BEGIN PROVIDED ENTRIES

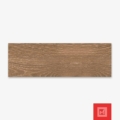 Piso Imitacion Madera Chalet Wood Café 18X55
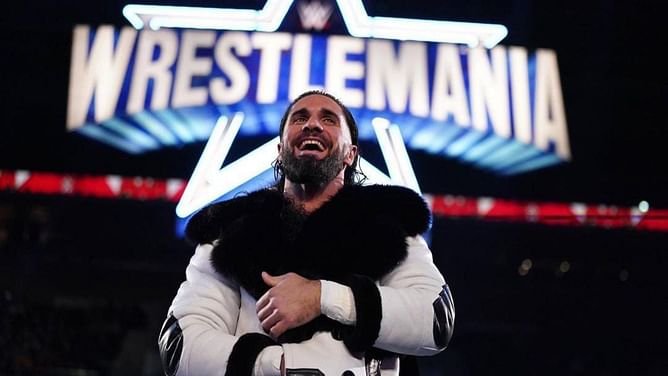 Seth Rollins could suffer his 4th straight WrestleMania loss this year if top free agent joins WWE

END PROVIDED ENTRIES
BEGIN PROVIDED ENTRIES

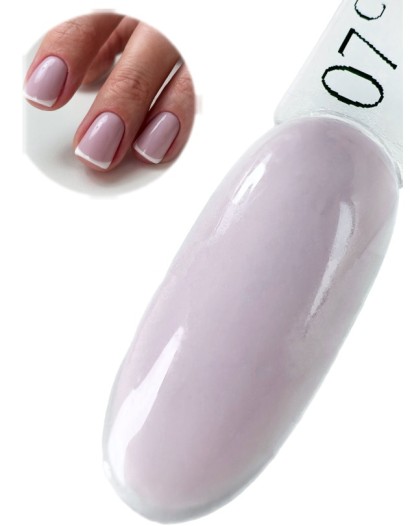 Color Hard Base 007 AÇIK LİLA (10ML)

END PROVIDED ENTRIES
BEGIN PROVIDED ENTRIES

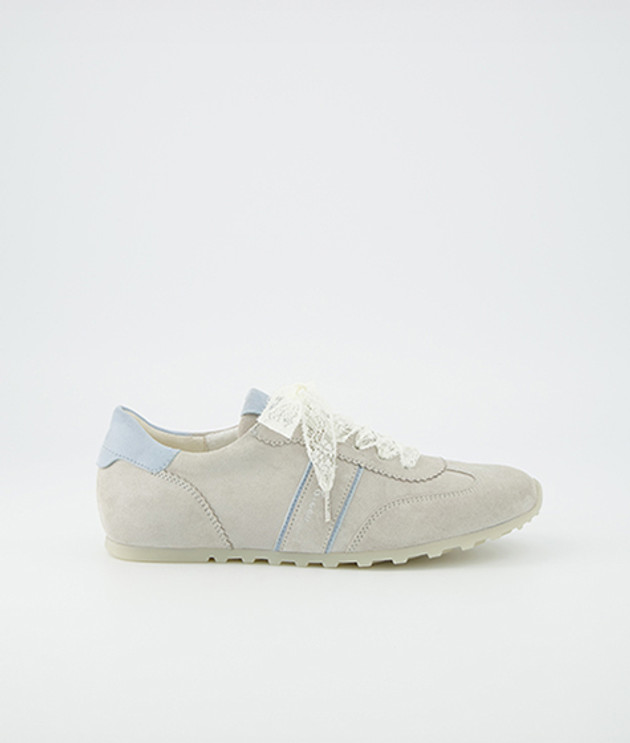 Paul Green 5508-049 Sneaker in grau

END PROVIDED ENTRIES

> [TRY IT]
Your reply should hold nothing but the lines above, from the one containing "Piso Imitacion Madera Chalet Wood Café 18X55" to the one containing "Seth Rollins could", reproduced exactly minus the pictures.

> [YOUR SOLUTION]
 Piso Imitacion Madera Chalet Wood Café 18X55
 Seth Rollins could suffer his 4th straight WrestleMania loss this year if top free agent joins WWE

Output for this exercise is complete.